Tom:Importantly, I think, we were using pieces of both of those ideas. I don’t think there’s necessarily a significant tension with the Kahneman and Tversky perspective.Here’s one way of characterizing this. Gigerenzer’s argument has focused on one particular idea which comes from statistics, which is called the bias‐variance trade off. The basic idea of this principle is that you don’t necessarily want to use the most complex model when you’re trying to solve a problem. You don’t necessarily want to use the most complex algorithm.

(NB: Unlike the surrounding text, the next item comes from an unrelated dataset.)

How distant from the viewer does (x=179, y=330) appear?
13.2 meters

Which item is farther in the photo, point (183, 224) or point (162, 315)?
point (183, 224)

If you’re trying to build a predictive model, including more predictors into the model can be something which makes the model actually worse, provided you are doing something like trying to minimize the errors that you’re making in accounting for the data that you’ve seen so far. The problem is that, as your model gets more complicated, it can overfit the data. It can end up producing predictions which are driven by noise that appears in the data that you’re seeing, because it’s got such a greater expressive capacity.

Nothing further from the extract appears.